Dave Stewart’s colors are what really bring Williams’ pencils and inks to life. Their lush blended quality of his colors reflect the dreamlike nature of the work perfectly. As the landscape and modes of storytelling shift almost every page, so do the colors in order to reflect the changes. Visual cues are formed by these shifts. The frame story is denoted by the dramatic change in light before any words or images explain what is occurring. When that story is broken and revealed to be a lie, distinct and dark colors seize the page away and inform the return to the central plot. Stewart’s work is certainly gorgeous, but it is also integral to the storytelling.

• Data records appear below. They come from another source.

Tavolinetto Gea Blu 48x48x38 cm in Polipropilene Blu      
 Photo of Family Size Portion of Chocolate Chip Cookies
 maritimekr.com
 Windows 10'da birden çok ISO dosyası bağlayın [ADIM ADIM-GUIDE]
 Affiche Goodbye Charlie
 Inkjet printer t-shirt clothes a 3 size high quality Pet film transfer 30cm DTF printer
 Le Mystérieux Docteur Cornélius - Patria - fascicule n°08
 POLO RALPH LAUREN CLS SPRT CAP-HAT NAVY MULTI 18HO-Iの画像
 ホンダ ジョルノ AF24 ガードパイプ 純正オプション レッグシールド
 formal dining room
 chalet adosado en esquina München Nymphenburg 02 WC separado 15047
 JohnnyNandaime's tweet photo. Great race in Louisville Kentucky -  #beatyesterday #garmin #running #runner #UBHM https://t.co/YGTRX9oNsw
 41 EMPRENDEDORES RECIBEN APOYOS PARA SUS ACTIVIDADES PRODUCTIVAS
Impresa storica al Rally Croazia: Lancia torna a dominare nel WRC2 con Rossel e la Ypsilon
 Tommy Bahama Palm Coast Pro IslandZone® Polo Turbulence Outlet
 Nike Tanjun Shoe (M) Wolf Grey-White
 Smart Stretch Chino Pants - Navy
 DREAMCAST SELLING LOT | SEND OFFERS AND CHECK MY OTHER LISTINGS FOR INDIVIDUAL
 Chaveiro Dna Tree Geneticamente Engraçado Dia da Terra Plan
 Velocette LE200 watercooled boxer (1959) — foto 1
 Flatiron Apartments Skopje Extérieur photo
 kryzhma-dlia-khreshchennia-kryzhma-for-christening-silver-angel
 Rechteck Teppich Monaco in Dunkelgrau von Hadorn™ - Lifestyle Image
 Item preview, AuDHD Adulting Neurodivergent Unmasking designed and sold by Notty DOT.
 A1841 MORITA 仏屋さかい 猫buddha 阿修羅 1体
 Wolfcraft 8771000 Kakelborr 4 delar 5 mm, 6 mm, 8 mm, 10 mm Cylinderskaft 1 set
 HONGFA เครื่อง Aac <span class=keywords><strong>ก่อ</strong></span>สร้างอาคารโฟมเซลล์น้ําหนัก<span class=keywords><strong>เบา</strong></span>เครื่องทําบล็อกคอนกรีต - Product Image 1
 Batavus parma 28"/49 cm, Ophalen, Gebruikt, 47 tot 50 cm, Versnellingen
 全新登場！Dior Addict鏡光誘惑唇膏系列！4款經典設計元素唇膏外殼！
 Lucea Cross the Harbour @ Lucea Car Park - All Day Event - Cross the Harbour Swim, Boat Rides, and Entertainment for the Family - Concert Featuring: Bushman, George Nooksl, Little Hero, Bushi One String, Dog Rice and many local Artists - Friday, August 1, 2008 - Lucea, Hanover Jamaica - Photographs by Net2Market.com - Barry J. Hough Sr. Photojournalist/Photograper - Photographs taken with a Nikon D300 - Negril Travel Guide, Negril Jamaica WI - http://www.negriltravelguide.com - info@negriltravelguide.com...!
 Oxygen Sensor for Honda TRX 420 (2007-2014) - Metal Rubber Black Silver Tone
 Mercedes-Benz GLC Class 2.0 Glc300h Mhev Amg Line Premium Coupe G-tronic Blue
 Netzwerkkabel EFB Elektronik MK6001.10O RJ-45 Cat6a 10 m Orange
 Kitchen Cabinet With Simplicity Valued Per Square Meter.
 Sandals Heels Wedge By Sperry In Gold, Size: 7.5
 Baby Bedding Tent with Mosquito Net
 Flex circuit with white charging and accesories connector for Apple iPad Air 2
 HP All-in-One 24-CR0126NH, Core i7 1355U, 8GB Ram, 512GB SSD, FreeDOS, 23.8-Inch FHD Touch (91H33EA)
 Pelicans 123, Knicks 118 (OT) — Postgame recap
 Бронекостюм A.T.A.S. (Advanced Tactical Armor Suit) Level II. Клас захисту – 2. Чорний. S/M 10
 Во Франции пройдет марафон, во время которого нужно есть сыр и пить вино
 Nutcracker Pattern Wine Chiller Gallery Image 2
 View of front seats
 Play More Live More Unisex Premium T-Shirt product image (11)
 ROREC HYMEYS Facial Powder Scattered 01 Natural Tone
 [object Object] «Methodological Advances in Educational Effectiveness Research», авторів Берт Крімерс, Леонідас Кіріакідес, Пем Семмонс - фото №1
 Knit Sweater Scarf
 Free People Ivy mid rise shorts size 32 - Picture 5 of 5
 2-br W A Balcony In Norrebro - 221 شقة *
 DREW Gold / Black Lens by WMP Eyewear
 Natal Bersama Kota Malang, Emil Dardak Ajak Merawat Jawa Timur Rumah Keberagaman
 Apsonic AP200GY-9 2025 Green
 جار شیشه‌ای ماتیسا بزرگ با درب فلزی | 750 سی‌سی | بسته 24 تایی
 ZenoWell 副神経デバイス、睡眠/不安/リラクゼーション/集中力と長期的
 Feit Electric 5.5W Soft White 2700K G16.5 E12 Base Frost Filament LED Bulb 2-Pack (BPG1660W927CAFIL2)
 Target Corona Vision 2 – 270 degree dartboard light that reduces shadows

That same thought applies to Todd Klein’s lettering. Klein has been working on Sandman since its inception. From the first issue of the series to this one, his work has elevated the story by providing personality for characters and incorporating speech into the art. Every individual provides a speech bubble unique to them. They all feel natural and fit the established tone of the art and the personas to which they are attached. Even the tails of speech bubbles inform the characters. Dreams bubbles are always tailed with long flowing lines, while the rigidly structured beetle swarm uses a geometric line that turns only in right angles.
The only members of this team whose roles are not obviously visible in the work are Shelly Bond and Sara Miller, the editorial team. Without access to scripts and e-mails, it is almost impossible to see their hand in the work. However, the ultimate quality of the comic speaks volumes of their abilities to guide and coordinate this team.
The appearance of this issue is flawless. Its only struggles come from the story itself. Sandman Overture is enjoyable for fans seeking more of Gaiman’s expansive mythos and its flights of fancy will please fans of fantasy. However, its characters leave the page somewhat cold. There is no room here for readers to see reflections of themselves or take away aspects of their own lives. Its scale is so grand and characters so distant, that it lacks a human element. In the original series this element was slowly developed through family dynamics and Morpheus’ handling of past relationships. Here it is absent and that distance creates a gap between reader and story.
The Sandman: Overture is an obvious success. It is almost unassailable as an example of comics craftsmanship. This is the result of a team of extremely talented creators working in concert to tell a story together. A comic collaboration of this caliber cannot and should not be attributed to any one talent. It is the accomplishment of a team.